BEGIN Task data

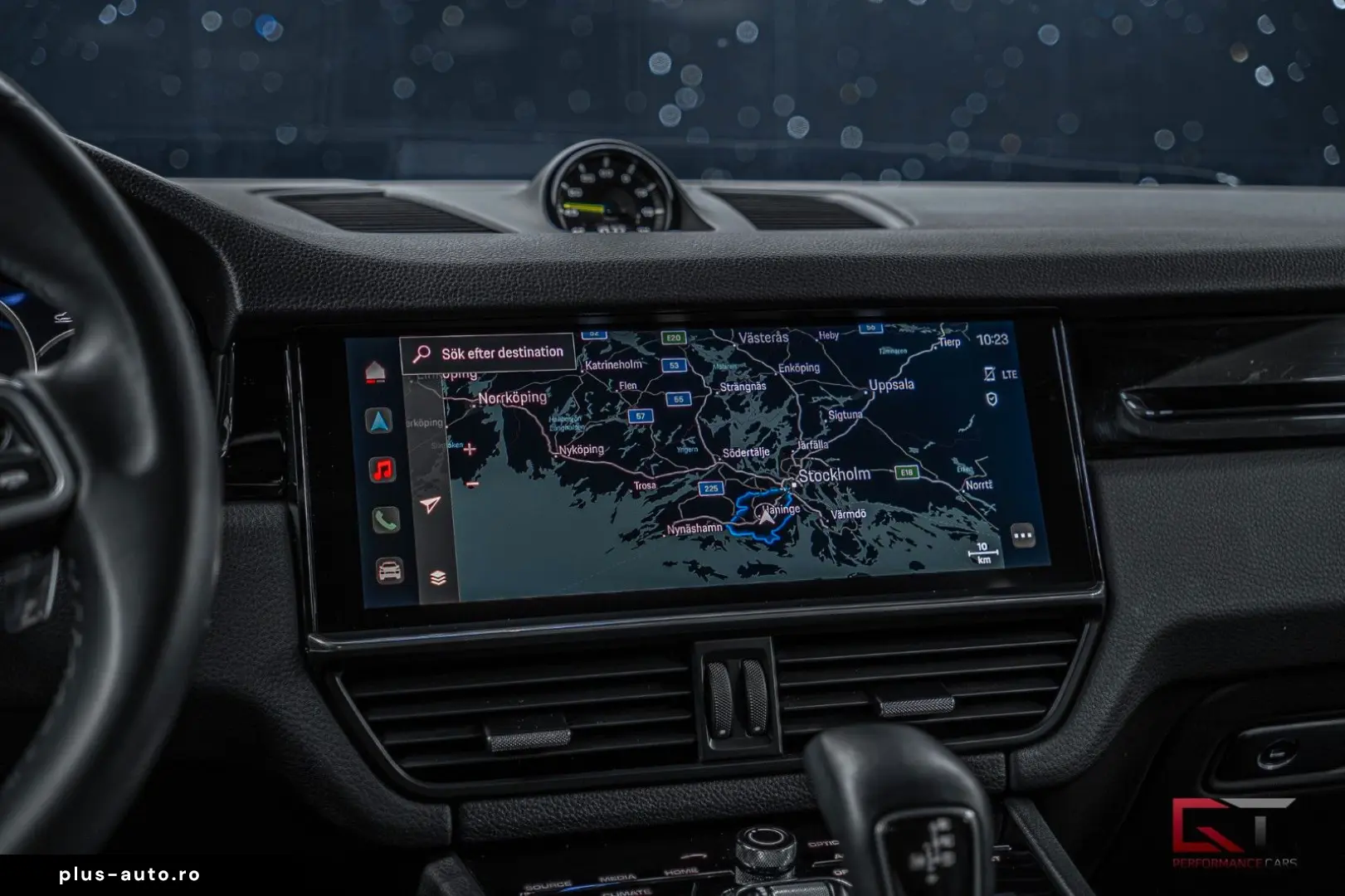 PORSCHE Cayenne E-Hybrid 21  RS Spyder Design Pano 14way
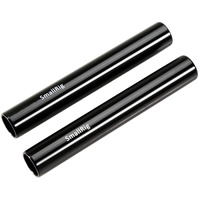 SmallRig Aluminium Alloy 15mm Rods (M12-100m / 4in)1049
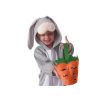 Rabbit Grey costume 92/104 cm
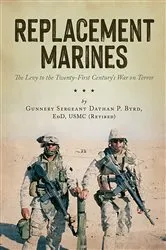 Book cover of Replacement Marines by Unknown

END Task data
BEGIN Task data

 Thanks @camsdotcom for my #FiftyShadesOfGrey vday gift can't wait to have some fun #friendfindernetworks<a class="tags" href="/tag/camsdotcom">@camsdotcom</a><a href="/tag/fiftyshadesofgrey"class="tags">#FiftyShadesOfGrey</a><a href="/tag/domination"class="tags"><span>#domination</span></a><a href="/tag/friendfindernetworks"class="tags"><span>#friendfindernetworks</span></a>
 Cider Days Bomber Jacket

END Task data

* Task to carry out:
Leave out the images and write out the lines above exactly, from the one with "PORSCHE Cayenne E-Hybrid" up to and including the one with "Book cover of Replacement Marines by Unknown".

* Solution to the exercise:
 PORSCHE Cayenne E-Hybrid 21  RS Spyder Design Pano 14way
 SmallRig Aluminium Alloy 15mm Rods (M12-100m / 4in)1049
 Rabbit Grey costume 92/104 cm
 Book cover of Replacement Marines by Unknown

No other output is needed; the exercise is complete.